Darren Clarke reckons, come Sunday night, that a large chunk of this year’s field will come away with Royal Portrush right at the top of their favourite Open courses. We played it as part of the Open media day in April, and having now tackled it twice, 10 years apart, it’s hard to argue particularly when you add in the incredible buzz that surrounds the place. The following alternative Royal Portrush course guide attempts to give you a very small insight into the course as well as being a screaming cry for help…
Royal Portrush course guide: 1st (Hughies)
421 yards, par 4, SI 11
The planner suggests a 3-wood, everything suggests a 3-wood. All I can picture, with white posts left and white posts right, is a steery driver. That brings the bunkers into play but I hit it so bad it doesn’t even threaten them.

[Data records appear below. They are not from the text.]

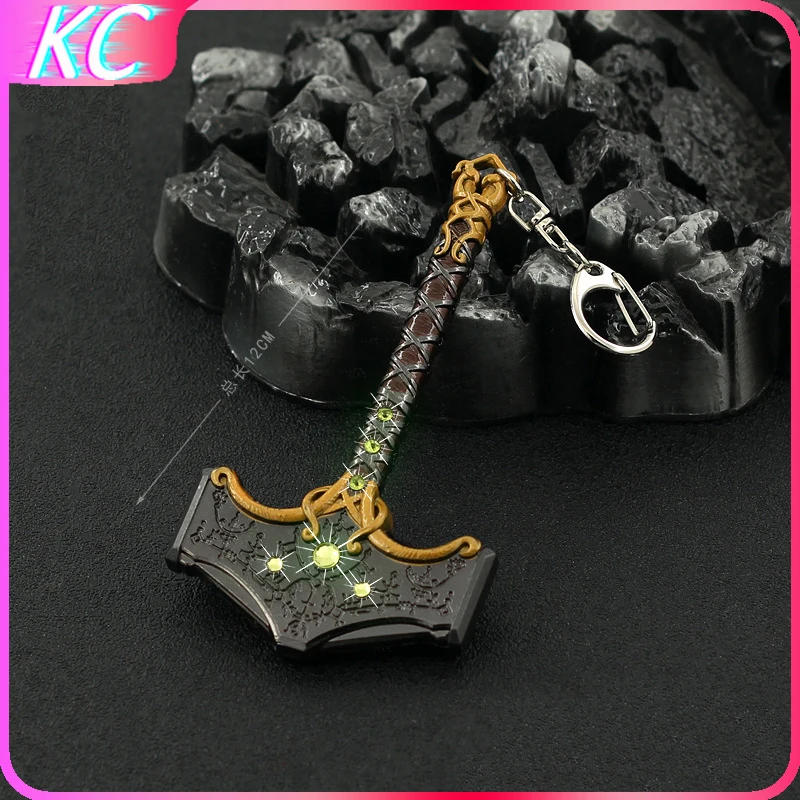 God of War Weapon Keychain The Hammer of Thor Kratos Ghost of Sparta Game Figure Sword Katana Game Anime Ax Model Gift Kid Toy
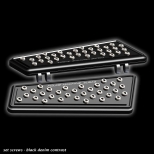 MARCHE PIEDS SET SCREWS EN VIVID BLACK POUR TOURING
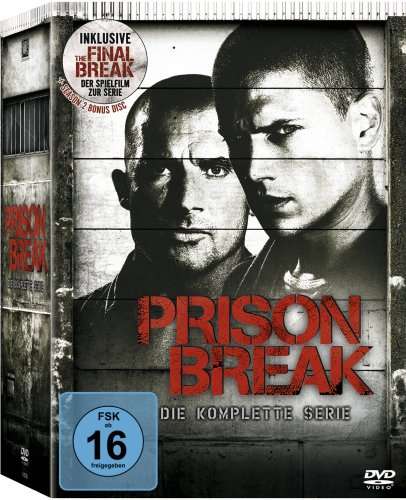 Prison Break - Die komplette Serie (inkl. The Final Break) Standard Version 24 Disks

A 7-iron comes up five yards short of the green and 30 yards short of the pin. It’s a chip and run all day but I putt it. This has been the way since 2005. I forget to breathe, everything goes into a blur and I move it approximately six feet. Within the space of 10 minutes and three shots I’ve managed to spook myself and there is very little prospect of two-putting for a point.
I don’t. Blob. Good.
Royal Portrush course guide: 2nd (Giant’s Grave)
574 yards, par 5, SI 5
If it were possible to bet on yourself I would have emptied everything and re-mortgaged my house on my next shot being smashed up the left and away from sand and more stakes.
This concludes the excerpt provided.